The tramontane: the wind that runs this coast
You cannot sail the Cote Vermeille without a working respect for the tramontane. It is the strong, dry northerly that funnels down off the Pyrenees and accelerates across the Golfe du Lion, and on this corner of coast it can blow well over 100 km/h in a hard episode. Local lore says it blows for three, six or nine days at a stretch, and there is more truth in that than you might expect: once it sets in, it tends to last.
The coastline here is steep with deep water close in, which lets you navigate near the cliffs, but it also means the tramontane gusts hard and shifts direction around the headlands. Read the synoptic picture before you commit to a passage, and if the tramontane is forecast, either stay put in deep, sheltered Port-Vendres or get well clear before it arrives. The broader trap of this whole gulf is covered in the Gulf of Lion weather trap, and it is essential reading before you work this coast. The crossing planning in the Camargue and Gulf of Lion crossing is the natural companion if you are arriving from the east.
Working the last corner of France
For most cruisers, Port-Vendres is a staging post for the border. From here it is only a short hop to the very last French ports before Spain, and the harbours and tramontane planning in Banyuls-sur-Mer as the last port before Spain carry the story south. If you are heading into Catalan waters, this is where you take on fuel and water, check the weather one more time, and make your final French departure.
A few practical notes from working this coast:
- Use Port-Vendres for shelter, depth and provisioning. It is the only genuinely all-weather harbour on the Cote Vermeille.
- Treat Collioure as a settled-weather anchorage only. The 6-metre bay is exposed to the east and turns nasty fast.
- Plan around the tramontane, not against it. It can blow for days and gusts hard around the headlands.
- Watch for commercial traffic entering Port-Vendres. Keep clear of the fairway and call on VHF channel 9.
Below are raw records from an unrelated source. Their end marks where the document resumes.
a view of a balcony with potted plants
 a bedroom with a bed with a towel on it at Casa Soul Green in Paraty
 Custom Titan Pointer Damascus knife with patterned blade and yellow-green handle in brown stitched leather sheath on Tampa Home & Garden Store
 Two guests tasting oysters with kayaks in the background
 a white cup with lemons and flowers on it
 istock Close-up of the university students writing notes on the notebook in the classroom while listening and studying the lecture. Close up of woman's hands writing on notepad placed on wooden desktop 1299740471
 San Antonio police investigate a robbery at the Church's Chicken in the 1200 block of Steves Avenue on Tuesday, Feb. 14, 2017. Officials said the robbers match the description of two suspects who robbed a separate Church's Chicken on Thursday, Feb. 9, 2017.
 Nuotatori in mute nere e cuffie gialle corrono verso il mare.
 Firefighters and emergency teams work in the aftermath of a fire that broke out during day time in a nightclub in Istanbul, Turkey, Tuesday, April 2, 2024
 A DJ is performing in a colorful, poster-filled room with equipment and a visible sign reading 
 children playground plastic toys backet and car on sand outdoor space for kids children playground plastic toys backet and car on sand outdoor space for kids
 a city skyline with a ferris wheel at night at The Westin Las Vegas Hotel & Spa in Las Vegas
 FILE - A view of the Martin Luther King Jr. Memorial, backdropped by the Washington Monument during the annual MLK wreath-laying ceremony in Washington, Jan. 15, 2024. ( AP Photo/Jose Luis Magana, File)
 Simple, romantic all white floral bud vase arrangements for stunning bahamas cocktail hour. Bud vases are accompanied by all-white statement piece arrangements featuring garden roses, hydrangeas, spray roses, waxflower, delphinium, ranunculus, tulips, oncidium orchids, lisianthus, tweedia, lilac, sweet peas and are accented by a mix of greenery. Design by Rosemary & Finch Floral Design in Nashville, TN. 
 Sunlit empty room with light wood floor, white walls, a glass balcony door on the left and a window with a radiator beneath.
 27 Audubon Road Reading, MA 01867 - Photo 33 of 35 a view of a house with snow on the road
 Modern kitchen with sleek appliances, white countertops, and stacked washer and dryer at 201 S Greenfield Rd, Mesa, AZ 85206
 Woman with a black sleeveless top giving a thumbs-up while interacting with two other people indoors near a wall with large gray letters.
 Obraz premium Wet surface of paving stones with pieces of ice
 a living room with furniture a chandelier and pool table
The Cote Vermeille is one of my favourite stretches of the French Mediterranean precisely because it does not feel manufactured. Port-Vendres works for a living, Collioure is beautiful from the water, and the hills and the deep clear sea make the run to the Spanish border one of the more memorable bits of coast in France. Just keep one eye on the mountains, because the tramontane is always somewhere up there, deciding when it will come down.